Closed klamike closed 5 months ago
I fully agree that we should improve the current data-generation pipeline, but I would like to have a deeper discussion about this before we merge such changes.
A few notes:
JuMP currently supports parameters (see, e.g., https://jump.dev/JuMP.jl/stable/manual/variables/#Parameters). I am not 100% sure how that differs from POI
I would also like to understand how things work under the hood, namely, what problem ends up being presented to the solver. Specifically, I'm referring to this part of the JuMP docs:
If the solver supports the MOI.Parameter set, it may decide to replace all instances of the parameter variable by the associated constant. If the solver does not support parameters, it will add the parameter as a decision variable with fixed bounds.
This is particularly relevant for Ipopt, because it does not have a presolve. Therefore, if parameters are passed as fixed variables (i.e., same lower and upper bound), Ipopt may struggle (because there's no strictly feasible solution anymore).
In a similar vein (same section of the docs):
JuMP treats a parameter multiplied by a decision variable as a quadratic expression, even though it is equivalent to a linear expression.
Not an immediate issue if we only modify right-hand sides, but it might be more problematic if/when we start considering changes in topology (namely removing branches). Granted, it's far-sighting, but I want to make sure we are as future-proof on that front.
An intermediate step (which would probably need to happen anyway) would be to define an interface for updating an existing OPF model, given new input data.
We can have an agnostic interface like, e.g., update!(opf::OPFModel, data)
, the internals of which we can always modify in the future
Agreed. I'll see if I can get an update! working without POI...

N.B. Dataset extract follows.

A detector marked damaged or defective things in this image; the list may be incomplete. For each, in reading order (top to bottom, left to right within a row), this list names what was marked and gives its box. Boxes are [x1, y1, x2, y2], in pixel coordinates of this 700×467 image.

For the loads, we should be able to use something like set_normalized_rhs
With the normalization, I think it would be cleaner to delete+unregister the old constraints and add new ones
(though the docs do explicitly recommend against doing this...)
Normalization?
Is that related to the fact that, the active/reactive power balance constraints will have -pd
/ -qd
on the right-hand side?
For instance, on the 14-ieee system, bus #2 has a load with +0.217
p.u. but... in the ACPPowerModel
problem the power balance constraint at that node will have -0.217
as RHS
julia> using PGLib, Ipopt, PowerModels, JuMP
julia> data = make_basic_network(pglib("14_ieee"));
julia> data["load"]["1"]["load_bus"]
2
julia> data["load"]["1"]["pd"]
0.217
julia> opf = OPFGenerator.build_opf(ACPPowerModel, data, Ipopt.Optimizer);
julia> opf.model[:kirchhoff_active][2];
kirchhoff_active[2] : -pg[2] + pf[(5, 2, 5)] + pf[(3, 2, 3)] + pf[(4, 2, 4)] + pf[(1, 2, 1)] = -0.217
julia> normalized_rhs(opf.model[:kirchhoff_active][2])
-0.217
This is because the original code for active/reactive power balance https://github.com/AI4OPT/OPFGenerator/blob/f7364bc04d2d075ac4999ff1025b9dc4a38a885f/src/opf/acp.jl#L57-L71 has variables on both sides of the equation. JuMP automatically moves all the variables to the same side and all the constants to the other side... but we don't fully control which side is left and which is right.

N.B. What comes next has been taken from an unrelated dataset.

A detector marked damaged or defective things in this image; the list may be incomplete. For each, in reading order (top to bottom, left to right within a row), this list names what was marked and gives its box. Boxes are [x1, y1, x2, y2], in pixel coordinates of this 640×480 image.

We can fix this by writing all the variables on the same side of the equation, when declaring those constraints. I've been hesitant to do that, because it would effectively negate the corresponding dual variable, and I didn't want to mess up our existing datasets.
BTW, we have the same issue with DC and SOC. Easy fix, I just want to make sure our code / formulation / data / etc. are all in sync.
In
sampler.jl
, we build a new JuMP model for each formulation for each seed. Instead, we should build one model per formulation and use POI to change the loads for each seed. This should reduce build times substantially after the first one.In the package code, this will also require updating all of the formulations to make the loads parameters, wrapping the optimizer with
POI.Optimizer
, and addingParametricOptInterface
to the dependencies. Since we add the dependency, the code for changing the parameter values can go in the package as well.In the SLURM pipeline, this would still build one model per formulation per minibatch. There may be a way to create each formulation's model once in the
make_sysimage
orref
job, then reuse it in each minibatch.